The Prize reflects its European origins, but ESEH supports more than this
Not all the “research” areas in ESEH are captured by the Tallinn Dissertation Prize. We only considered final dissertations and from the sources named in the terms of the prize, that is, the combination of “European histories written anywhere in the world” and “Environmental histories of anywhere in the world written in a European university”.
Note that through NEXTGATe (early career) writing mentorships are also available to those working beyond these categories, and ESEH also supports these in other ways.

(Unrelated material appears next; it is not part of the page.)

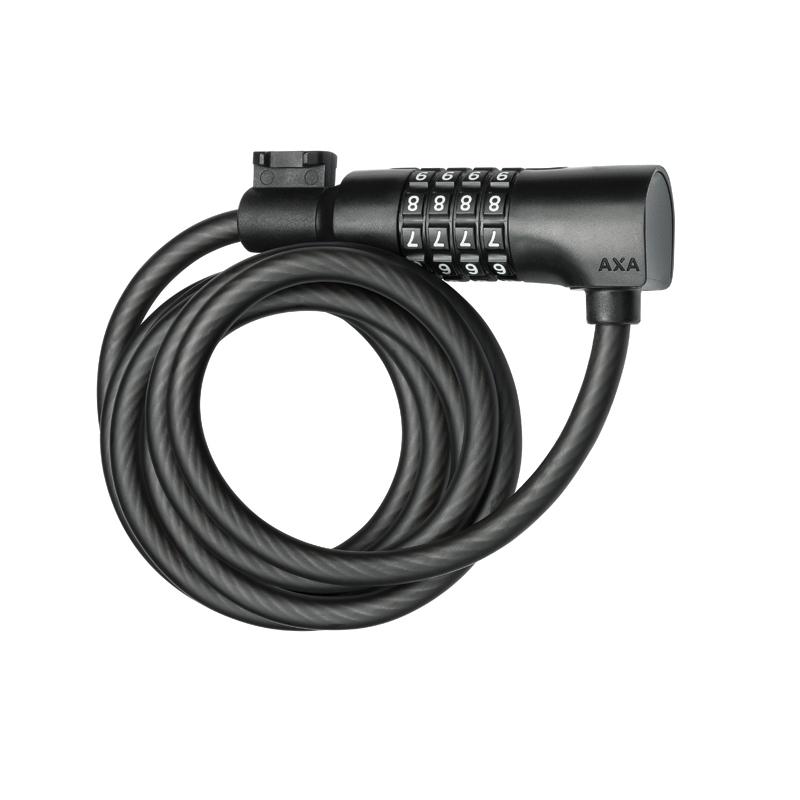 Axa Resolute C8 Kabelschloss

Socially, the category “Europe” creates biases, which is something the ESEH Diversity Committee is working to counter. While ASEH is working hard to build black histories (and the same is true in Australia and New Zealand), the dissertations presented to this prize in 2021 are very “white”. However, migrants and refugees have a very long history in Europe, and while European slavery is hard to research, the rise in climate and other environmental refugees arriving in Europe is leaving an impression on the field. There was one abstract that specifically referenced African slavery in Brazil in a European context. The shift away from emigration studies and international diaspora towards immigration and internal diaspora in Europe itself is a sign of our times, and of the importance of globalization and climate change in environmental history.
The 2021 ESEH Tallinn Prize Committee
Libby Robin (Chair, Australia), Onur Inal (Austria), Ana Isabel Queiroz (Portugal, who replaced Inês Amorim, who had to retire due to illness), Simone Schleper (Netherlands) and Dan Tamir (Switzerland).
The Tallinn Dissertation Prize
The Dissertation Prize aims to support early career environmental history scholars based in Europe or those based outside Europe but whose work contributes to European environmental history.
The Tallinn Dissertation Prize was established by the ESEH to reward innovative doctoral dissertations based on original research in European environmental history. The Prize was named after Tallinn, the city where it was awarded for the first time at the 10th ESEH Biennial Conference in 2019.